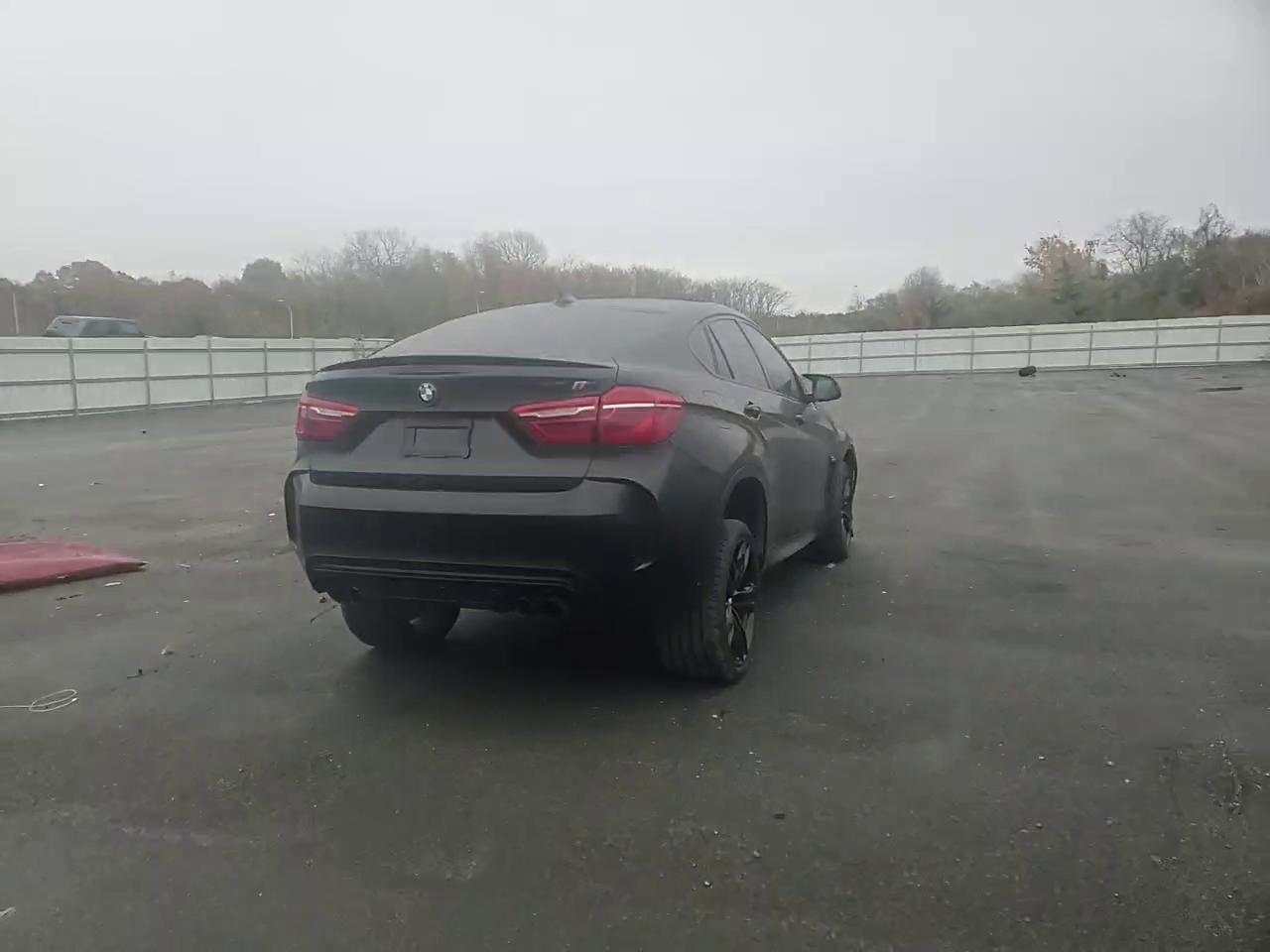 Фото: 5YMKW8C50G0R43780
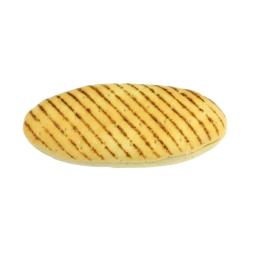 Pain panini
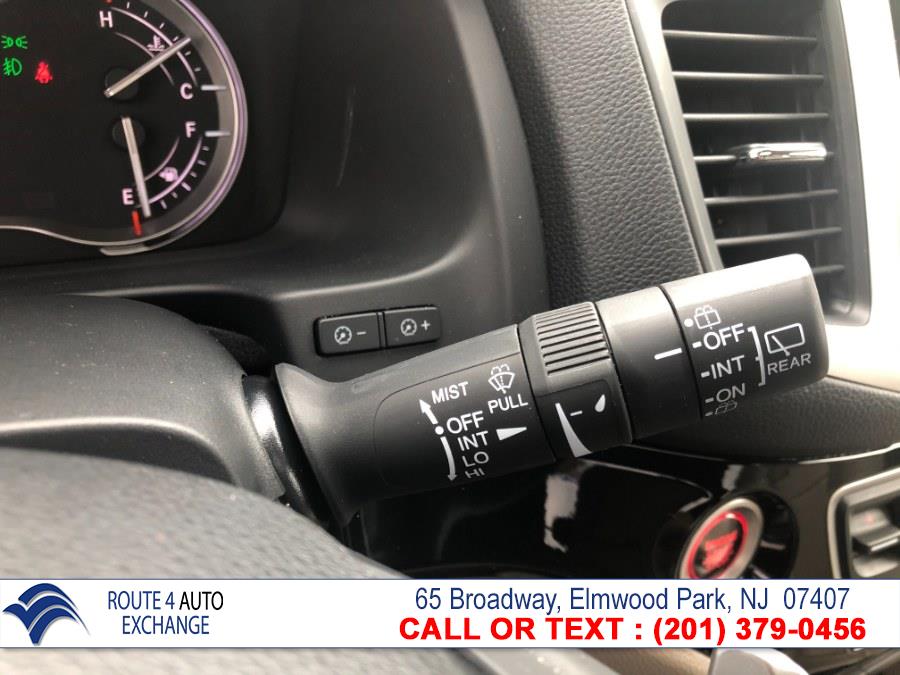 Used Honda Pilot Touring AWD 2018 | Route 4 Auto Exchange. Elmwood Park, New Jersey Used Honda Pilot Touring AWD 2018 | Route 4 Auto Exchange. Elmwood Park, New Jersey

• _WHAT IS EXPECTED_:
Transcribe the material as is, with images omitted.

• _OUTPUT FOR THIS EXERCISE_:
 Фото: 5YMKW8C50G0R43780
 Pain panini
 Used Honda Pilot Touring AWD 2018 | Route 4 Auto Exchange. Elmwood Park, New Jersey Used Honda Pilot Touring AWD 2018 | Route 4 Auto Exchange. Elmwood Park, New Jersey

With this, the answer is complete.